Corticosteroid treatment is associated with a reduced risk of mortality for people taking tuberculosis (TB) therapy, results of a meta-analysis published in The Lancet Infectious Diseases show. Treatment with steroids was associated with a significant 17% reduction in mortality risk, and the benefits were apparent across all TB types.
In an editorial accompanying the study, Dr Guy Thwaites of St Thomas’ Hospital, London, said that the results of the analysis were not sufficient to change current prescribing practices in cases of pulmonary TB. However, he believed, “they should stimulate the reappraisal of adjunctive corticosteroids…by new randomised controlled trials.”
Each year, there are approximately 8.7 million new cases of TB and 1.4 million deaths caused by the infection.
There is currently controversy about the use of corticosteroids as an adjunct to TB treatment. Previous systematic reviews have shown that this the use of steroids leads to significant reductions in mortality for people with TB meningitis. The benefits of corticosteroid therapy for other types of TB are less certain. Moreover, there are concerns that their use could worsen TB disease or that there would be a significant risk of drug interactions.
Nevertheless, as steroids have an anti-inflammatory effect there are grounds for believing their benefits are not limited to a specific organ.
A team of investigators from the United Kingdom therefore performed a systematic review and meta-analysis of studies examining the impact of adjunctive corticosteroid therapy on mortality risk for people taking TB treatment.
There were no restrictions on studies with respect to age group, setting, disease type or co-infection with HIV or any other disease. Randomised and non-randomised studies were included in the analysis.
A total of 41 studies conducted between 1955 and 2011 were identified. They included 3560 participants who received steroids and 2982 participants in control groups.

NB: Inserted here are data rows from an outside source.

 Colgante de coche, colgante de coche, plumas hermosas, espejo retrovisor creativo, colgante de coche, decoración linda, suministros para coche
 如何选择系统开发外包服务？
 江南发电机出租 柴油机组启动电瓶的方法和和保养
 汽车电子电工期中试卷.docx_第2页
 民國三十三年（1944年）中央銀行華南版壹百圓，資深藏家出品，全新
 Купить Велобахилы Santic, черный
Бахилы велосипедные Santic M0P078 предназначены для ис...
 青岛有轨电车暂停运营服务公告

A total of 18 studies involved people with pulmonary TB, nine were in people with TB meningitis, seven involved people with TB pleurisy, six recruited people with TB pericarditis and one was in people with TB peritonitis.

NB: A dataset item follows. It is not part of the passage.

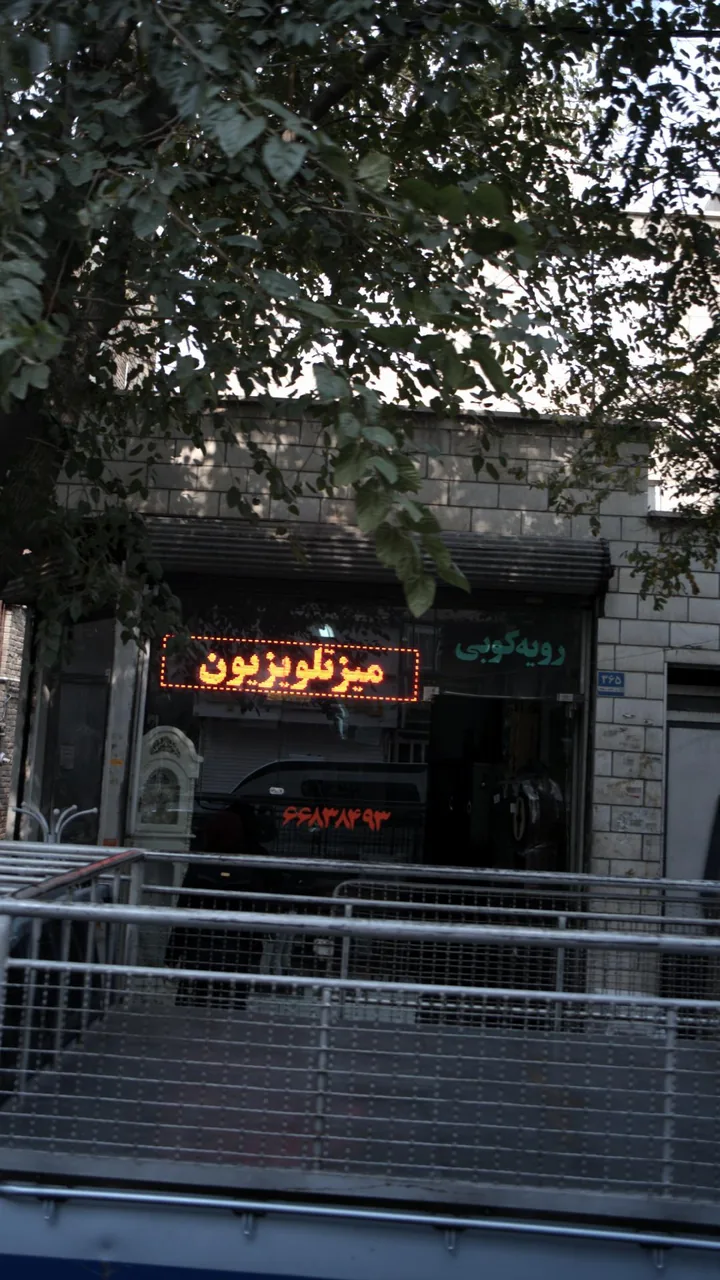 فروشگاه علی - تصویر 3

In all, 23 studies were conducted before 1990 and therefore the introduction of modern rifampicin-based TB therapy.
The types of steroids used, their doses and the duration of therapy varied widely.
Overall, use of corticosteroids was associated with a 17% reduction in mortality risk (RR = 0.83; 95% CI, 0.74-0.92). This reduction in risk was consistent across all groups, whichever organ was affected.
Exclusion of non-randomised studies yielded almost identical results.
Reporting of side-effects was poor, but incidence of serious adverse events did not differ between the steroid and control groups.
Studies conducted before the introduction of rifampicin-containing regimens showed that steroids significantly reduced the mortality risk of patients with pulmonary TB (RR = 0.72; 95% CI, 0.40-1.29). Only one study reported on mortality in patients with pulmonary TB in the rifampicin era, and this showed that steroids had no benefit.
For TB meningitis and pericarditis there was no difference when results were stratified according to the use of rifampicin regimens. There were no rifampicin studies for TB peritonitits and only one for TB pleurisy.
Pooling the results of all rifampicin-era studies showed that steroids reduced mortality risk by 15% (RR = 0.85; 95% CI, 0.74-0.98).
Three small studies involved people with HIV. There was little evidence that adjunctive therapy with steroids had any benefit, but the investigators emphasise that these studies were statistically underpowered.
“Overall, corticosteroids resulted in a significant and clinically important reduction in mortality, whatever the organ group affected,” comment the authors. “The exact mechanisms of the benefit are not clear, but are related to the host response to the tuberculosis pathogen (including inflammation), and so effects in one organ system might well be relevant to others with respect to mortality outcomes.”
However, neither the investigators not the author of the editorial regard the results of the meta-analysis as definitive. In particular, they highlight the lack of data concerning the benefits of steroids for patients with pulmonary TB treated with rifampicin-based regimens.
“New clinical trials of corticosteroids in patients with pulmonary tuberculosis (both infected and uninfected with HIV) are needed to assess whether…clinical benefits remain in the era of modern anti-tuberculosis chemotherapy,” write the investigators. “At least 10 000 patients would be needed for a new trial to be adequately powered for mortality.”
Crtichley JA et al. Corticosteroid for prevention of mortality in people with tuberculosis: a systematic review and meta-analysis. Lancet Infect Dis 13, 223-36, 2013.
Thwaites GE. Adjunctive corticosteroids for all forms of tuberculosis? Lancet Infect Dis 13, 187-87, 2013.